Rita’s musical journey parallels her physical migrations. Born in LA to parents who fled Egypt, she later found herself forced to leave America for Germany when immigration laws wouldn’t recognize her same-sex relationship.

“I’ve constantly had this sort of immigrant feeling in myself that I don’t quite feel at home,” she reflects. “My home has to be within myself, wherever I am.”

This sense of belonging nowhere and everywhere might explain her current success performing Country music in rural Germany. As someone who has always existed at cultural crossroads, she brings a natural fluidity to a traditionally rigid genre.
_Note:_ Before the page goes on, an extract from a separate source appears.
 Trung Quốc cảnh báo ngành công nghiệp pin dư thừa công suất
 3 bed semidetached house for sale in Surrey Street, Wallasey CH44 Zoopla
She describes her Pride anthem “Not Even a Little” as “Country Disco” with hip-hop rhythm and bluesy vocals—a fusion that reflects her multiply-migrated identity.

The Queer Immigrant Inheritance

There’s something rather queer about the immigrant experience—the necessity of code-switching, the habitation of in-between spaces, the constant navigation of belonging and un-belonging. For many LGBTQ+ individuals from immigrant families, this creates a double displacement, with queerness adding another layer of complexity to an already complicated relationship with home and heritage.

Rita embodies this intersection. Her Egyptian parents left their homeland seeking safety and opportunity; decades later, she would leave America for similar reasons, though the danger she fled was legal discrimination rather than war. There’s a generational echo in these forced migrations, a pattern of displacement that shapes her artistic expression.

When Rita performs Country music as an openly lesbian Arab-American in rural Germany, she’s enacting multiple border crossings simultaneously. She’s challenging the whiteness and heteronormativity of Country music while also expanding notions of what counts as “authentic” queer cultural expression.

The Sounds of Belonging

Music often serves as a repository for diasporic memory and connection. For Rita, Country music initially represented her parents’ assimilation efforts, then became a source of rebellion, and finally emerged as a channel for grief and reconnection.

“Anytime I play live, it’s like my mom’s in the audience and I just feel so close to her,” she says. The music that once embodied her parents’ attempt to prove their Americanness now serves as Rita’s emotional bridge to her mother.

Authenticity Beyond Origins

Country music has long been obsessed with questions of who can claim “real” connection to the genre, with gatekeepers often excluding those who don’t fit narrow demographic profiles.

As a Los Angeles-born, German-residing lesbian from Egyptian immigrant parents, Rita challenges these exclusionary definitions. She approaches Country not as a birthright but as an emotional inheritance—one transformed through her own experiences of displacement, connection, and loss.

“Today’s Country music, you can find some really great sounds, a lot of fusion because now you’re hearing Hip Hop, meeting Country music, you know, there’s Country Pop, there’s even Country Punk,” she observes. “It is fun. It is a fun time right now to be in Country music.”

This embrace of hybridity seems fitting for someone whose life has been defined by cultural crossings. Rather than worrying about whether she’s “Country enough,” Rita uses the genre as a vehicle for expressing her complex identity, creating music that refuses neat categorization just as her own story resists simplistic narratives.

Rita’s current musical identity doesn’t erase or resolve any tensions but inhabits them fully. Her “Country Disco” sound, her performances in rural Germany, her recent embracing of a genre she once rejected—all speak to a life lived at cultural crossroads. In making these contradictions audible, she offers both a personal reconciliation and a broader vision of how multicultural, queer identities might sound when given voice.